Il Trecento: tra persistenze bizantine e influssi toscani

Pittore ligure, Madonna dei Disciplinanti

Pittore ligure, Madonna dei Disciplinanti

Autore: Pittore ligure
Titolo: Madonna dei Disciplinanti
Data: 1320-1330 ca.
Materia e tecnica: tempera su tavola
Misure: 80.5 x 72.5 cm
Collocazione: Chiavari, Museo Diocesano
ProvenienzaMoneglia, Oratorio dei Disciplinanti

Oggi conservato nel Museo Diocesano di Chiavari, il dipinto proviene dall’oratorio dei Disciplinanti di Moneglia, dove, fino alla fine del Novecento, era incastonato sull’altare maggiore, nello spazio posto al culmine del fastigio che corona la cornice in stucco che circonda la pala. Questa sistemazione, assunta tra il XVII e il XVIII secolo, ha comportato rilevanti manomissioni. Per inserirla nell’intelaiatura architettonica, la tavola viene infatti decurtata sia lateralmente sia nella parte inferiore. Le due figure laterali sono state dimezzate ed è andata perduta gran parte del personaggio inginocchiato in basso, del quale restano soltanto le mani giunte.

Nonostante le mutilazioni, l’identificazione del santo a sinistra con Giovanni Battista è resa sicura dal cartiglio srotolato, sul quale sono scritte le parole con cui il Precursore indica Cristo al popolo sulle rive del Giordano: “Ecce Agnus Dei, ecce qui tollit peccata mundi” (“Ecco l’Agnello di Dio, ecco colui che toglie i peccati del mondo”). Più sfumati sono invece gli indizi relativi al santo vescovo sulla destra, forse identificabile con san Nicola.

Che l’opera fosse destinata fin dall’origine alla confraternita monegliese lo testimonia l’iscrizione sorretta da Gesù Bambino, che riporta un versetto del Salmo 2 – “Apprehendite disciplinam ne quando irascatur Dominus et pereatis de via iusta” (“servite Dio con timore e con tremore esultate; che non si sdegni e voi perdiate la via”) – un chiaro riferimento alla spiritualità dei Disciplinanti.

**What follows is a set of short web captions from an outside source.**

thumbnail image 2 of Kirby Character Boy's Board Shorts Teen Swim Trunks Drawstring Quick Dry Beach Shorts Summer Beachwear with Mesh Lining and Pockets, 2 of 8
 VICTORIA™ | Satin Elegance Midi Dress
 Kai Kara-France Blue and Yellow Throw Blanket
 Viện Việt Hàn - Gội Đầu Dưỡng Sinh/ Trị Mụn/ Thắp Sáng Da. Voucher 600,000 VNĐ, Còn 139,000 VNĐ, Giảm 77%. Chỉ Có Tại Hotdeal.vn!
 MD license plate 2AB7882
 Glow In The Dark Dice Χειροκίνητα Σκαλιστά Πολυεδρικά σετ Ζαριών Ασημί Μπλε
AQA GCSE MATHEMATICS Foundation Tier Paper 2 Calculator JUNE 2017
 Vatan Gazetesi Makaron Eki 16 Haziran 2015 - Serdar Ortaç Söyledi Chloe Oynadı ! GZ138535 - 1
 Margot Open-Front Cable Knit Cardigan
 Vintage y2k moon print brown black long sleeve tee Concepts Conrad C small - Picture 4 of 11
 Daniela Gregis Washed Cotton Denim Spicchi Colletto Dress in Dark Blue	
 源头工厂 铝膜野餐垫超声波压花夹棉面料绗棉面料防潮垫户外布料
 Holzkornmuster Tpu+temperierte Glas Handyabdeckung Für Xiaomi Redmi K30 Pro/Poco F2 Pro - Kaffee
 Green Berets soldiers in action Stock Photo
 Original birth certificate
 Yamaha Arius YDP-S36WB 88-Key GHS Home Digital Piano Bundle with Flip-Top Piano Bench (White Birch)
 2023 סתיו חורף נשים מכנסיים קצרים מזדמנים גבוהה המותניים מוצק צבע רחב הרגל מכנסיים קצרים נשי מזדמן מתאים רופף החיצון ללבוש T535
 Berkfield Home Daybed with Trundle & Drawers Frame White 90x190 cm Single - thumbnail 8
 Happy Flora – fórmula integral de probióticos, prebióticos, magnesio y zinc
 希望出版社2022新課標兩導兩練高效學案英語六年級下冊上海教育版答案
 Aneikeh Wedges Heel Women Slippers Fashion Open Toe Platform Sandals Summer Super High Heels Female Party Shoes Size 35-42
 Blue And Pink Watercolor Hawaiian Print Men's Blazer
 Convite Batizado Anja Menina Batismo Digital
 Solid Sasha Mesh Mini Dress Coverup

Dal punto di vista compositivo, l’impaginazione richiama modelli largamente diffusi nella produzione trecentesca ligure, a partire dalla Madonna con il Bambino della chiesa genovese di Santa Maria di Castello, in cui per la prima volta compare la struttura con la Vergine a mezza figura affiancata da due santi di dimensioni più piccole. La resa del soggetto, caratterizzata dal gesto affettuoso con cui il Bambino accosta il volto a quello della Madre, testimonia una conoscenza della tradizione bizantina ed in particolare delle scene affrescate dai maestri costantinopolitani sulla controfacciata della cattedrale genovese entro 1312, ed in particolare la Madonna Eleusa tra santi. Accanto a questi elementi, l’ignoto pittore dimostra però di saper attenuare la rigidità dei canoni orientali, rivolgendosi alla tradizione occidentale, a cui si ispira per la sodezza delle figure, la densità del colore, il movimento che percorre il velo di Maria.

Da collocare tra il 1320 e il 1330, l’opera testimonia un momento in cui modelli senesi e costantinopolitani convivono e animano le proposte che da Genova si diffondono sul territorio.